Pressure responsive means are connected to the flow tube for moving the flow tube 32 upwardly in response to an upward fluid flow rate pressure drop for opening the valve closure member 22. The pressure responsive means may take the form of an expandable and contraction restriction means which extends into the bore 14 for creating a pressure differential as pump fluid passes upwardly for moving the flow tube 32 to the open position in response to the pumped fluid such as described in copending patent application Ser. No. 710,360, filed Mar. 11, 1985 by Roland E. Pringle, which is assigned to the assignee of the present application. The expandable and contractable restriction may include a plurality of radially movable segments 34 which are biased inwardly into the bore 14 by biasing members such as springs 36. While the number of the segments 34 may be any suitable number, they are shown as three segments 34, radially positioned about the bore 14. The segments 34 are preferably rounded which engage each other when expanded to restrict the size of the bore 14 and provide a differential force across the segments 34 sufficient to open the valve 10. As the flow rate increases, the flow rate will expand the segments 34 outwardly to increase the size of the opening through the segments for increasing the fluid flow through the bore 14 but still providing a sufficient differential force across the segments 34 to maintain the valve 10 in the open position.
Biasing means are provided connected to the flow tube 32 for biasing the flow tube 32 downwardly for allowing the valve element 22 to close.
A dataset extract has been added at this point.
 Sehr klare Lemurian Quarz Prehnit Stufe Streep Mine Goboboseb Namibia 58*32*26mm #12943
While this means may be a spring between the housing 12 and the flow tube 32, it is preferable that it is a weight 40 connected to the flow tube 32. The weight has the advantage that when the fluid flow actuates the pressure responsive means 34 sufficiently to move the weight 40 upwardly, the weight 40 and the flow tube 32 will continue to travel to their full opening position as distinguished from a spring which would have increased spring rate and require additional force to continue to move the flow tube to full opening. However, with the weight 40 no additional differential force on the segments 34 is required to continue and completely open the valve element 22 after the weight 40 is initially overcome.
In normal operation, when the pump positioned below the valve 10 is actuated, fluid flow starts from the well formation through the well tubing and the valve 10 which will create a fluid flow and a pressure drop across the segments 34 to create a force to lift the flow tube 32 and valve element 22 to the open position shown in FIG. 1A. At the same time the segments 34 will expand outwardly thereby increasing the fluid flow through the bore 14 but still providing a sufficient differential force across the segments 34 to maintain the valve 10 in the open position. In the event that the pump is shut off, fluid flow stops, the weight 40 biases the flow tube 32 to the lower position allowing the flapper valve 22 to close on the valve seat 24.
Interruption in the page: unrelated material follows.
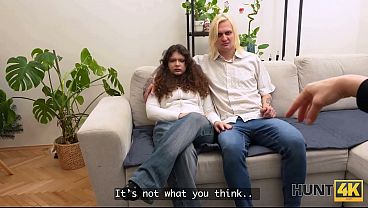 Hairy-pussied GF gets fucked in front of her boyfriend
On the occurrence of some conditions, it is sometimes desirable to kill an oil and/or gas well. That is, stop its production by pumping mud or other fluids down the well. Normally this cannot be done through a reverse flow check valve. However, the present valve features a pump through capability even with the flapper element 22 closed. The valve housing includes one or more ports 42 which are in communication between the outside of the housing 12 and the bore 14, but are normally blocked and shut off by the valve closure means 20. That is, the support 26 of the valve closure means includes seal means 44 and 46 on opposite sides of the ports 42 for normally and initially blocking the ports 42. The support 26 is releasably connected to the housing 12 such as by shear pin 50. Therefore, in the event that it is desired to pump fluid down the well tubing and out the valve 10 into the annulus between the well tubing and the casing and into the well formation, the pump is shut off allowing the valve to move to the closed position as best seen in FIG. 3. After this, pressure is applied at the well surface on top of the flapper valve 22 against the valve closure means 20 to shear the pin 50 and move the valve closure means 20 downwardly as best seen in FIG. 4. This uncovers the ports 42 allowing downwardly fluid flow through the well tubing and bore 14 and out of the ports 42.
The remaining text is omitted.